This repository contains the official TensorFlow implementation of the following paper:
Residual Shuffle-Exchange Networks for Fast Processing of Long Sequences
by Andis Draguns, Emīls Ozoliņš, Agris Šostaks, Matīss Apinis, Kārlis Freivalds
Abstract: Attention is a commonly used mechanism in sequence processing, but it is of O(n²) complexity which prevents its application to long sequences. The recently introduced neural Shuffle-Exchange network offers a computation-efficient alternative, enabling the modelling of long-range dependencies in O(n log n) time. The model, however, is quite complex, involving a sophisticated gating mechanism derived from the Gated Recurrent Unit.
In this paper, we present a simple and lightweight variant of the Shuffle-Exchange network, which is based on a residual network employing GELU and Layer Normalization. The proposed architecture not only scales to longer sequences but also converges faster and provides better accuracy. It surpasses the Shuffle-Exchange network on the LAMBADA language modelling task and achieves state-of-the-art performance on the MusicNet dataset for music transcription while being efficient in the number of parameters.
We show how to combine the improved Shuffle-Exchange network with convolutional layers, establishing it as a useful building block in long sequence processing applications.
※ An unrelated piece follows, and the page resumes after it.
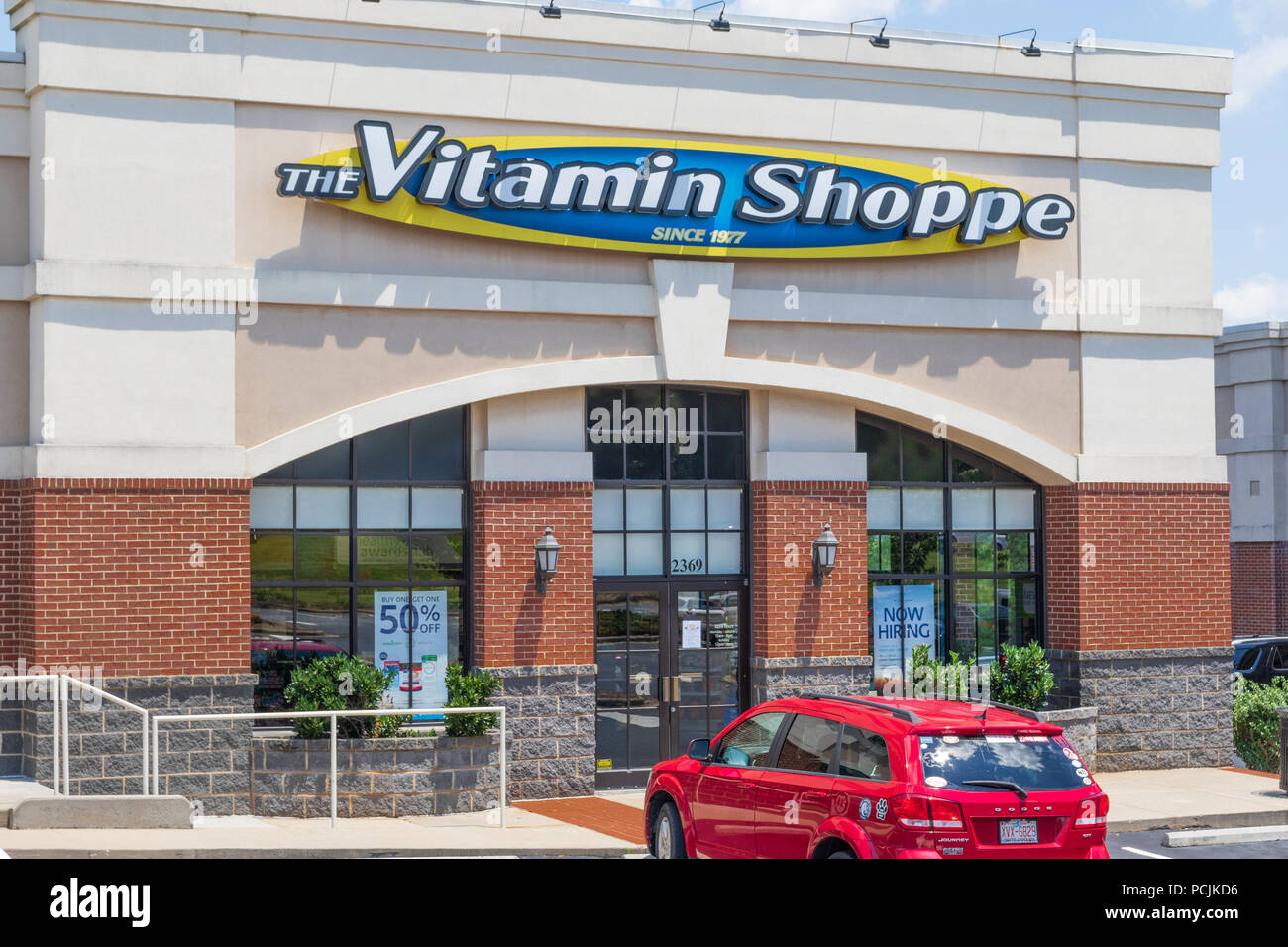 Vitamin shoppe hires stock photography and images Alamy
Residual Shuffle-Exchange networks are a simpler and faster replacement for the recently proposed Neural Shuffle-Exchange network architecture. It has O(n log n) complexity and enables processing of sequences up to a length of 2 million symbols where standard methods fail (e.g., attention mechanisms). The Residual Shuffle-Exchange network can serve as a useful building block for long sequence processing applications.
Click the gif to see the full video on YouTube:
Our paper describes Residual Shuffle-Exchange networks in detail and provides full results on long binary addition, long binary multiplication, sorting tasks, the LAMBADA question answering task and multi-instrument musical note recognition using the MusicNet dataset.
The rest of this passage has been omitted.